The complaint, filed by the National Legal and Policy Center, says that over the past three years, the university has accepted around $22 million in anonymous funding from Chinese sources. That’s out of a total of more than $70 million from Chinese donors during that time, the NLPC said.
Those significant funds, including the anonymous amounts, rolled in after the Biden Center was announced in early 2017 and launched in February 2018. The center is located in downtown Washington, D.C.
Federal records show that the University of Pennsylvania has received significant donations from China since the opening of the center. One 2018 donation alone totals $14.5 million; it is listed as “anonymous” in federal records.
The NLPC alleges the university may have violated federal law in accepting those anonymous monetary donations. The Higher Education Act mandates schools report the national origins of any donations above $250,000 although not necessarily the individual names of donors themselves.
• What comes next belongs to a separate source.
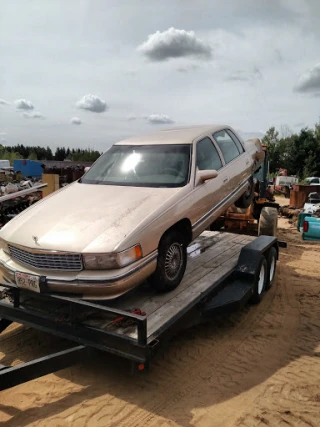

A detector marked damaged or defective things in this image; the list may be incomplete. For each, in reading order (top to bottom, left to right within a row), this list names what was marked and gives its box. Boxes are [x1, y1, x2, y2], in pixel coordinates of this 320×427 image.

wrecked vehicle [0, 125, 264, 300]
Still, the NLPC is calling on the Education Department to “conduct a full Investigation and Records Request of all monetary gifts and contracts that have been received by the University of Pennsylvania and its Penn Biden Center for Diplomacy and Global Engagement from China sources.”
Neither the Biden campaign nor the Biden Center responded to requests for comment on Sunday. The University of Pennsylvania’s media office also did not respond to a query.
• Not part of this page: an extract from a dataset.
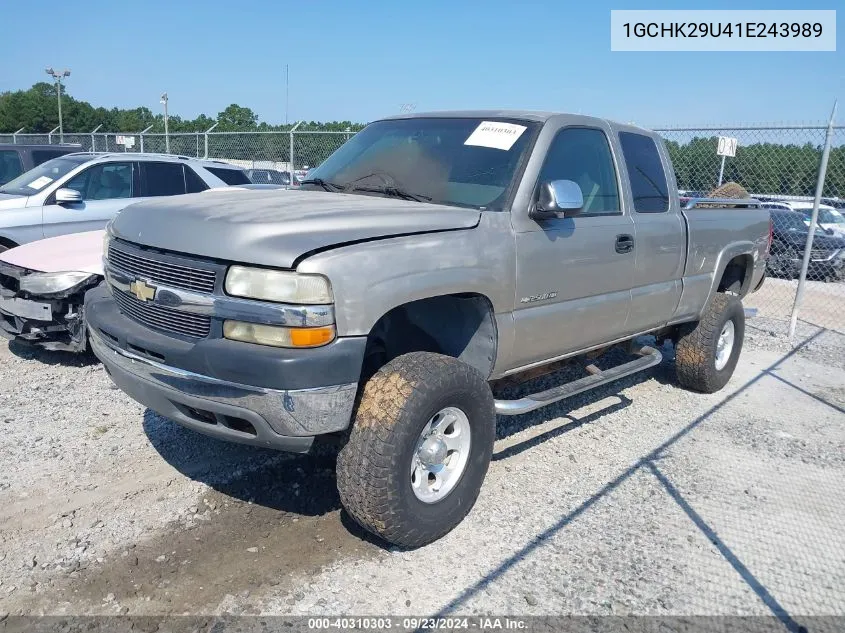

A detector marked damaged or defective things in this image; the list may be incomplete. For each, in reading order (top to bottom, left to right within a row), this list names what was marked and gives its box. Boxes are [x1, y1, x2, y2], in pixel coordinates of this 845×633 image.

‘It’s not too hard to connect the dots’
It is not immediately evident from Penn’s financial disclosures how much, if any, of those Chinese donations are going to the Biden Center. Yet Paul Kamenar, a lawyer for the NLPC, told Just the News on Sunday that “it’s not too hard to connect the dots.”
“This is foreign money coming into the university. It’s not going to their English department,” he said via phone. He noted that the university has a center called “Penn Global” with several sub-departments, one of which is the Penn Biden Center.
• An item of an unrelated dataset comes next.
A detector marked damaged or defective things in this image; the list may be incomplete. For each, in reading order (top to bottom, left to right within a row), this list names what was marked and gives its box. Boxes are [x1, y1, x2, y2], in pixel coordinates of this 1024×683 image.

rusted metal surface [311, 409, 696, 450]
“It’s just logical that it goes from the university to the university’s international global groups, of which the Biden center is one.”
Kamenar also highlighted the university’s 2020 Penn China Research Symposium, held near the end of January. That symposium featured Ambassador Huang Ping, the Consul-General from New York’s Chinese consulate general. On one panel of that event, called “China and the Future of Healthcare and Biotechnology,” was a representative of the Penn Biden Center.
“It’s not a stretch to conclude that the Penn Biden Center has to be getting money from somewhere. They’re not holding bake sales to raise funds,” Kamenar said.
“Even if the source of the all the mega-millions of China donations are disclosed, depending on the terms and conditions of the grants, there’s a question of whether the University and its Biden Center are violating the Foreign Agents Registration Act,” he added, calling the matter “a national security issue.”
Asked about the university’s outward compliance with the Higher Education Act, Kamenar ultimately framed the issue as part of a larger picture.
“Regardless of the true source of the funds in China, the larger question for UoP and Biden Center is how beholden the university is to the millions pouring in from China, especially the $14.5 million that came soon after Biden Center opened?” he said, adding that the group is “asking [the Department of Education] to conduct a full investigation and … get ALL the underlying gifts and contracts, conditions and all regardless of whether it has to be reported.”
The NLPC in its complaint specifically requested that the Education Department “obtain and inspect all copies of the monetary gifts and contracts, whether or not listed as Anonymous, in order to determine what if any conditions or restrictions were or are placed on those gifts or contracts.”
The university has received numerous other anonymous international donations over the contested time period, including a $2 million gift from Canada last year and a $1 million donation from Hong Kong.